The ISU has decided to implement a “Samples Long Term Storage and Reanalyse” policy, which they believe will allow them to "clamp down on skaters who make use of previously undetectable substances, or skaters who have evaded detection through standard testing”.
It allows them to target specific athletes based on intelligence and will enable them to retest urine and blood samples in the months leading up to major events, including the Winter Olympic Games.
The move from the ISU follows the release of the McLaren Report earlier this week, which revealed the presence of a state-sponsored doping scheme in Russia which spanned as many as 30 sports and was present at their home Sochi 2014 Games.
The report detailed how positive samples were replaced for clean ones through a “mouse hole” in the wall.
It alleged the Russian Sports Ministry "directed, controlled and oversaw" a "unique" method of sample manipulation at Sochi 2014.
Richard McLaren, who led the independent report into allegations made by Grigory Rodchenkov, the former head of the Moscow Anti-Doping Laboratory, described these samples as “disappearing positives” in his findings, the release of which has intensified calls for a blanket Russian ban at next month’s Olympic Games in Rio de Janeiro.
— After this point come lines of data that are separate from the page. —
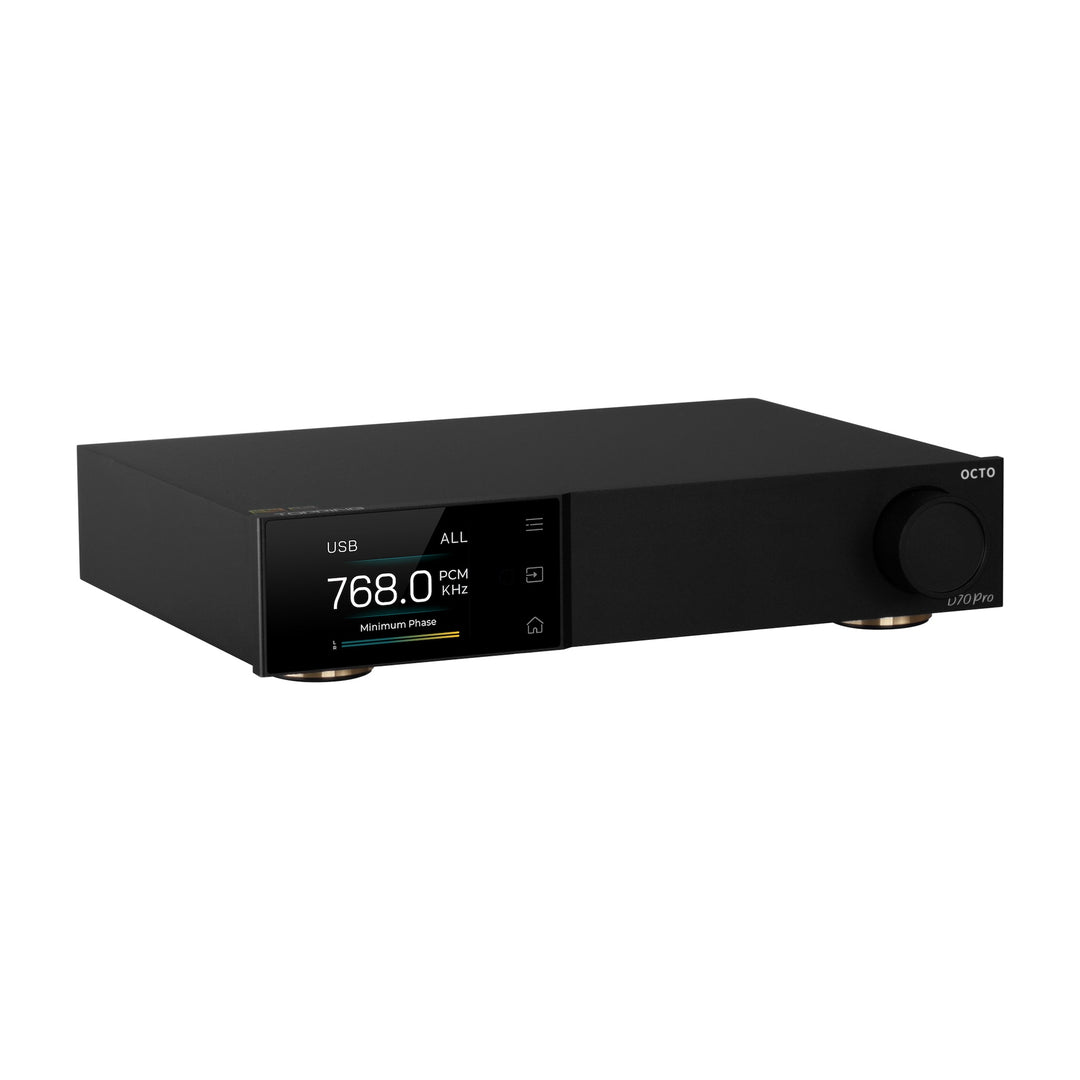 Dac Tea Pod Desktop Standalone DACs – Bloom Audio
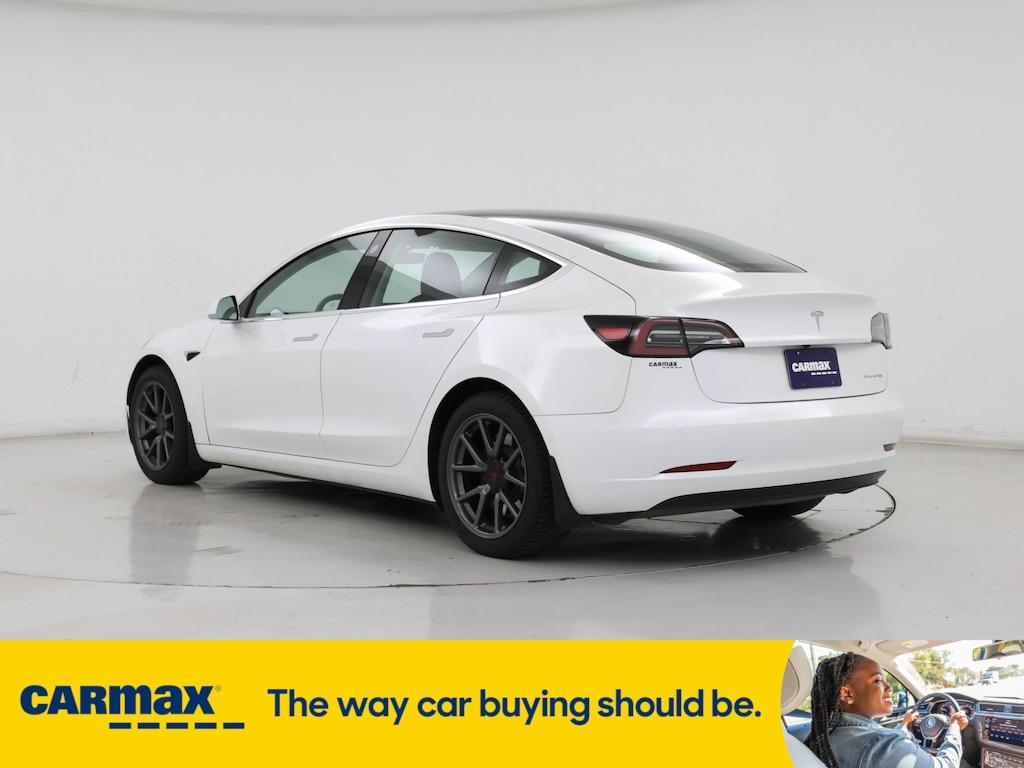used 2020 Tesla Model 3 car, priced at $24,879
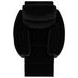 Avondale Ebony Swivel Glider Recliner with Pillows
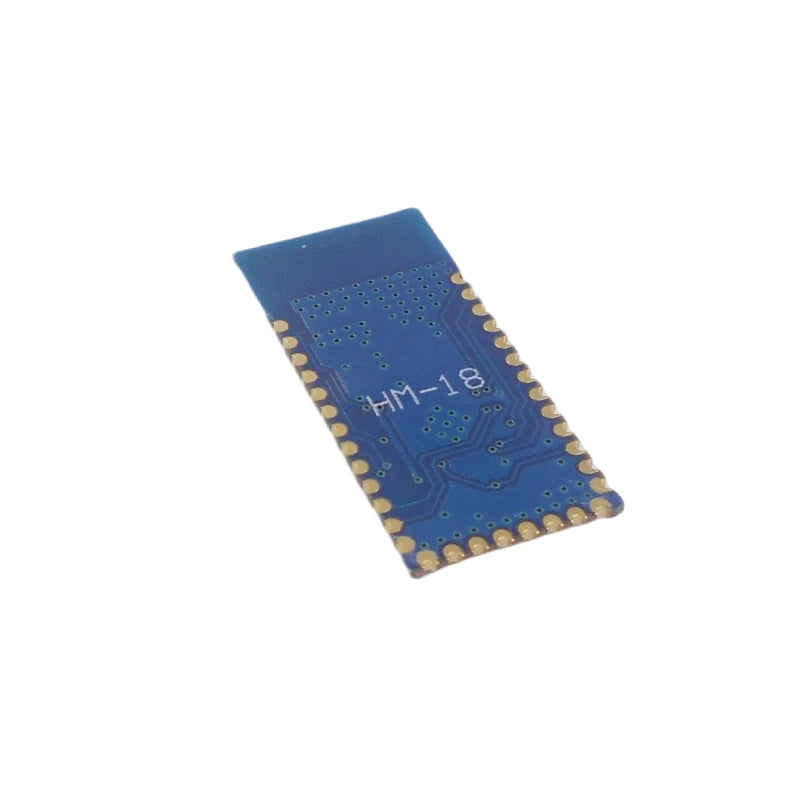 Custom HM-18 BLE4.2 Bluetooth Module Serial Port Transmission 5.0 Master Slave Integrated Small Base Station Test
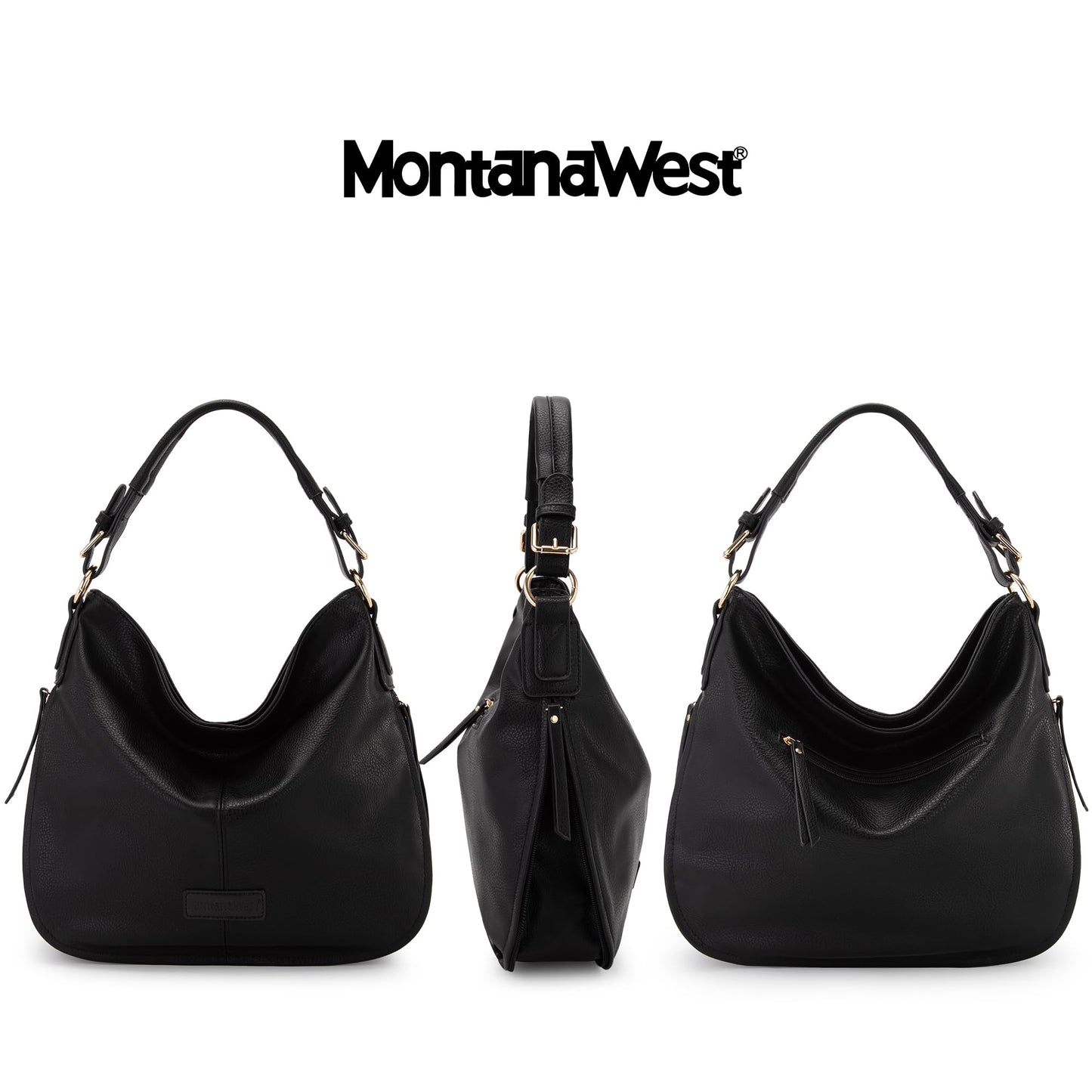 Montana West Hobo Bags for Women Shoulder Purses and Handbags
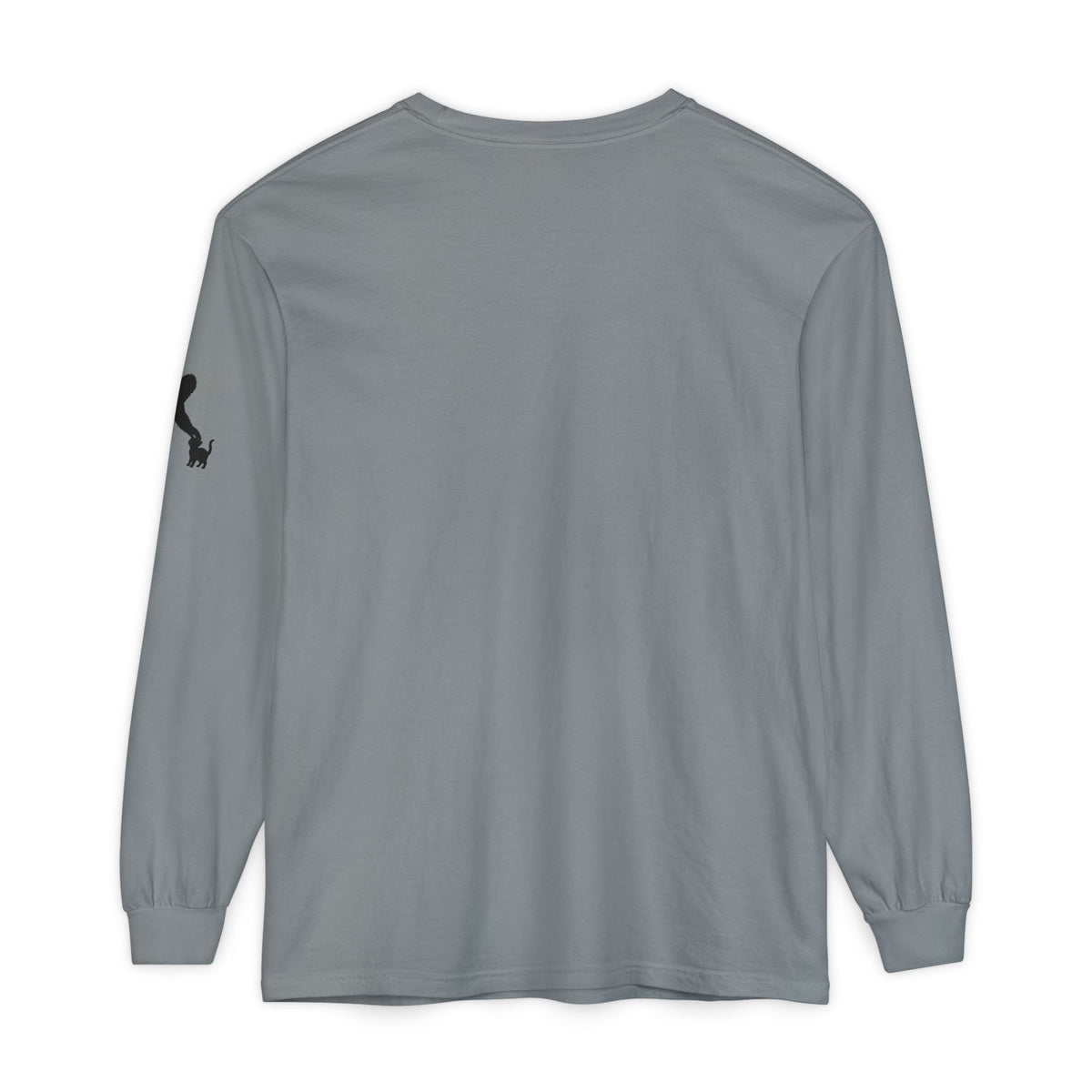 No One Believed the Cat Either Long Sleeve Shirt - Clothing, Unisex, T-Shirts, Long-Sleeved - EpiAl's Shop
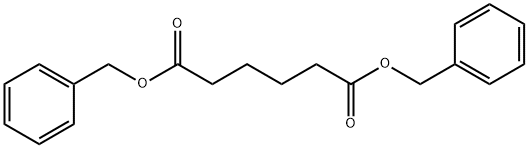 ADIPIC ACID DIBENZYL ESTER Struktur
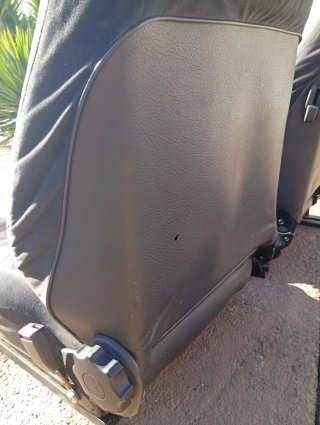 Asientos Opel Corsa b GSI  (Originales)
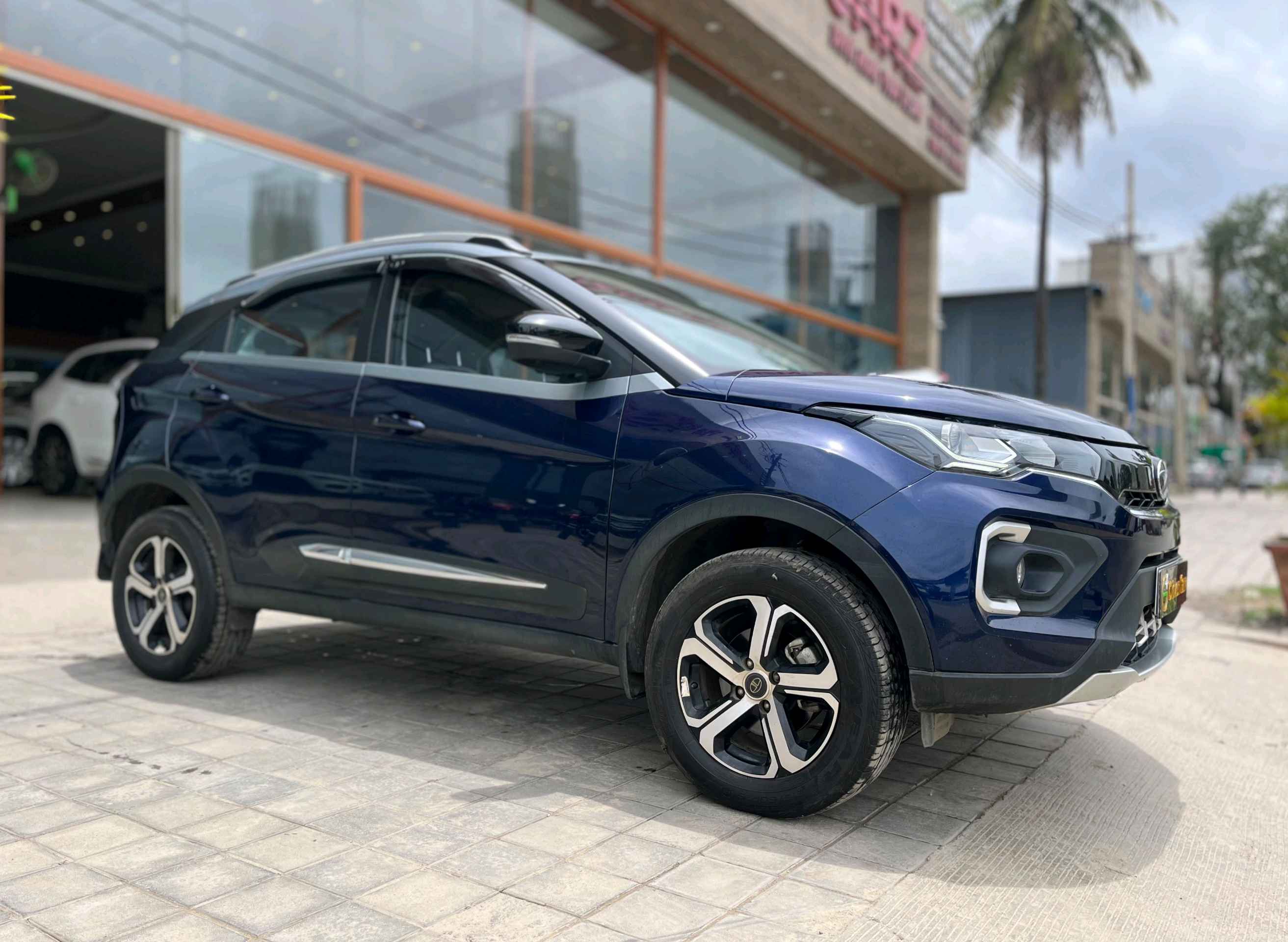 Tata Nexon photo 12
A total of 24 “disappearing positives” were found in skating, the report said.
Following the release of the report, the International Olympic Committee (IOC) asked all Winter Olympic Sports Federations to seek alternative hosts to Russia for all major events, including World Championships, World Cups or other international competitions.
The ISU is due to host a Figure Skating Grand Prix in Moscow in November and this is now set to be moved elsewhere as a result of the recommendations made by the IOC.
In response to the McLaren Report, the ISU will “carefully evaluate the IP Report and the recommendations of the IOC” and “will proceed with investigations concerning references to ice skating included in the IP Report”.
“The ISU is truly appalled and deeply saddened by the findings of the McLaren Report (IP Report),” a statement from the governing body read.
“The ISU will carefully evaluate the IP Report and the recommendations of the IOC and will proceed with investigations concerning references to ice skating included in the IP Report.
“The ISU also noted that according to the IP Report more evidence is becoming available by the day which the ISU Council will take into account when meeting on September 9 to 11, 2016 to decide the measures to be implemented.”